* _PROBLEM TO SOLVE_: Return the line containing "Hermes Kelly Sellier" and every line beneath it through the end of the entries below, unchanged. Pictures stay out.

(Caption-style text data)
════════════════════

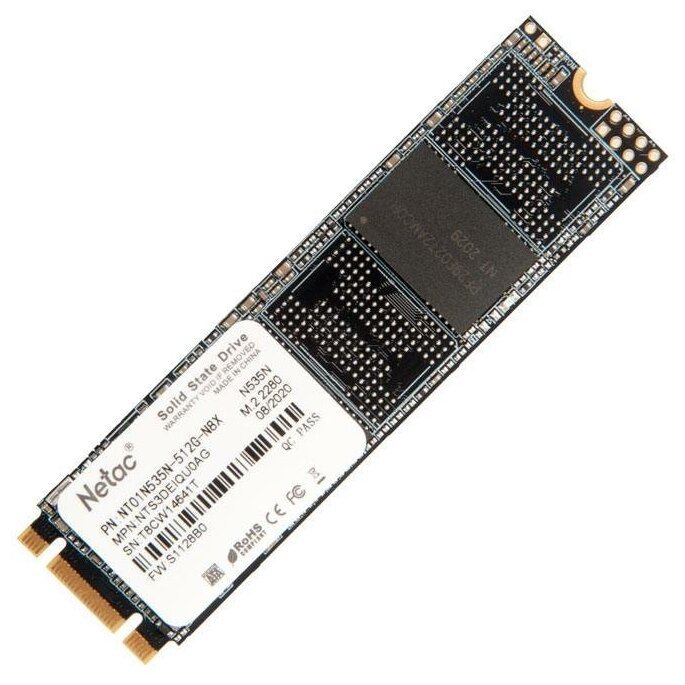 Внутренний SSD  Netac  512GB  N535N, SATA-III, R/W - 540/490 MB/s, (M.2), 2280 3D NAND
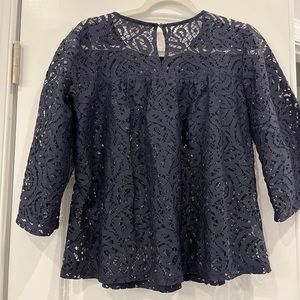 Anne Taylor Loft Blue Pattern Blouse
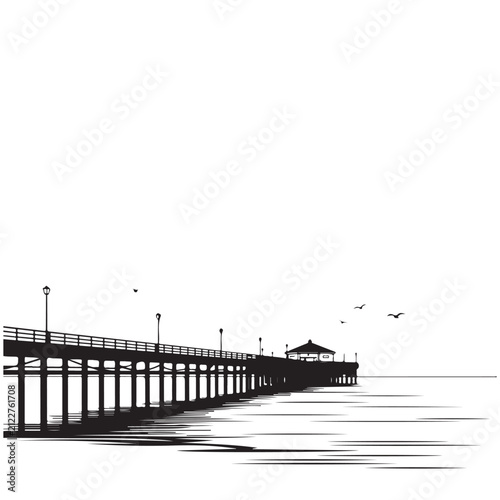 Fotografía Black and white silhouette vector of a long ocean pier with a pavilion and seagu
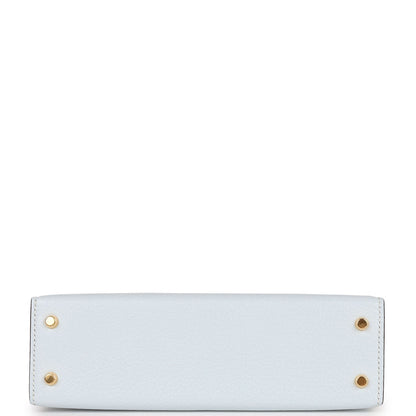 Hermes Kelly Sellier 20 Bleu Brume Chevre Gold Hardware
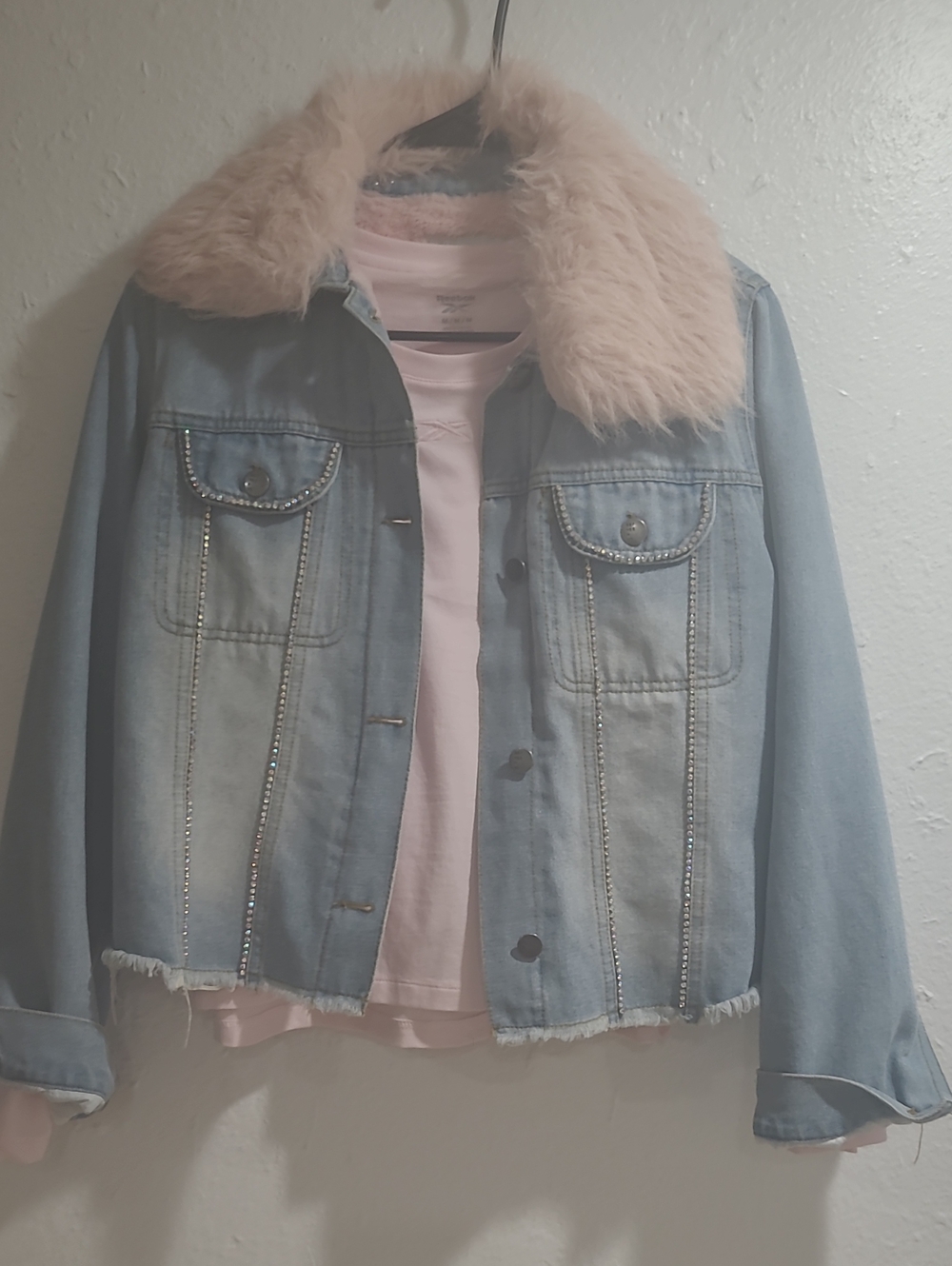 Light Blue Denim Jacket with Pink Faux Fur Collar - Women's Coat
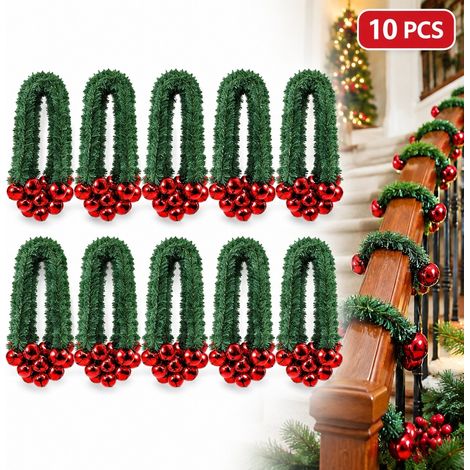 10 Pièces, Attaches Torsadées de Guirlande de Noël de 30 cm, 2 en 1, 30 cm, pour Fêtes (1/5)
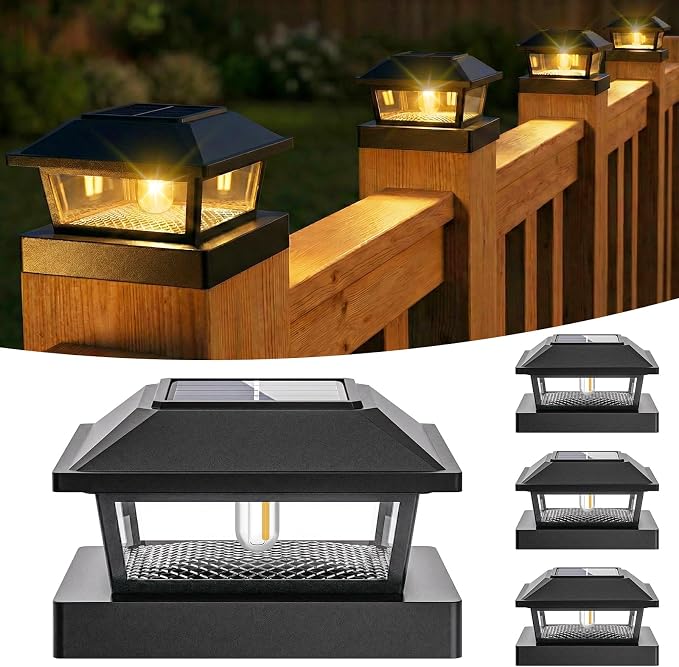 btfarm 4x4 Solar Post Cap Lights, 4 Pack Fence Deck Post Lights Outdoor Solar Powered Waterproof with Edison LED Bulb, Fits 4x4, 3.5x3.5 Wooden & Vinyl Posts for Porch Patio Yard(Warm White, Black)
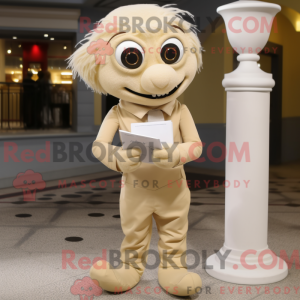 Maskotkarakter av et beige...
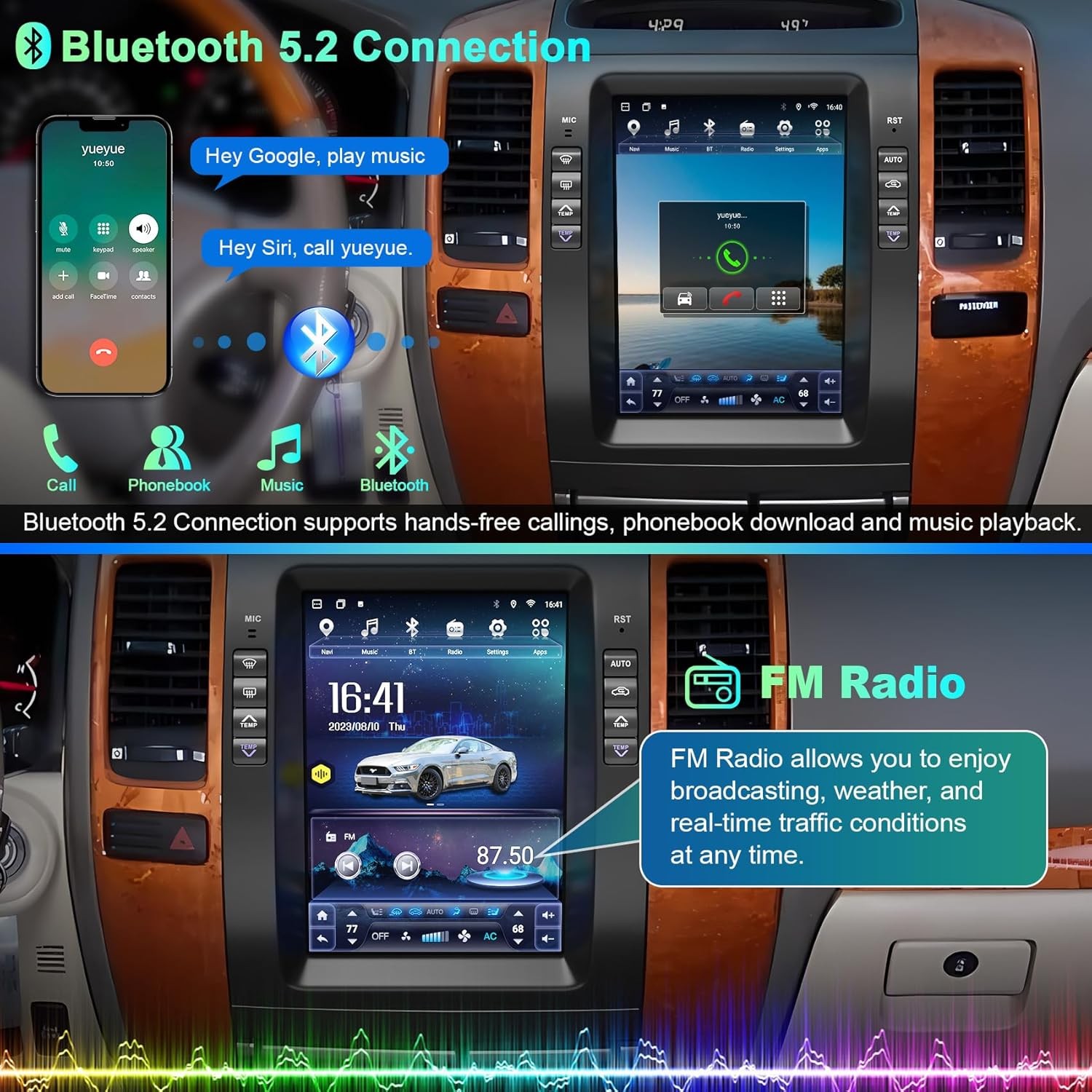 10.4″ For 2002-2009 Toyota Prado Lexus GX470 4+64GB CarPlay Car Stereo Radio GPS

════════════════════

* _ANSWER TO THIS EXERCISE_:
 Hermes Kelly Sellier 20 Bleu Brume Chevre Gold Hardware
 Light Blue Denim Jacket with Pink Faux Fur Collar - Women's Coat
 10 Pièces, Attaches Torsadées de Guirlande de Noël de 30 cm, 2 en 1, 30 cm, pour Fêtes (1/5)
 btfarm 4x4 Solar Post Cap Lights, 4 Pack Fence Deck Post Lights Outdoor Solar Powered Waterproof with Edison LED Bulb, Fits 4x4, 3.5x3.5 Wooden & Vinyl Posts for Porch Patio Yard(Warm White, Black)
 Maskotkarakter av et beige...
 10.4″ For 2002-2009 Toyota Prado Lexus GX470 4+64GB CarPlay Car Stereo Radio GPS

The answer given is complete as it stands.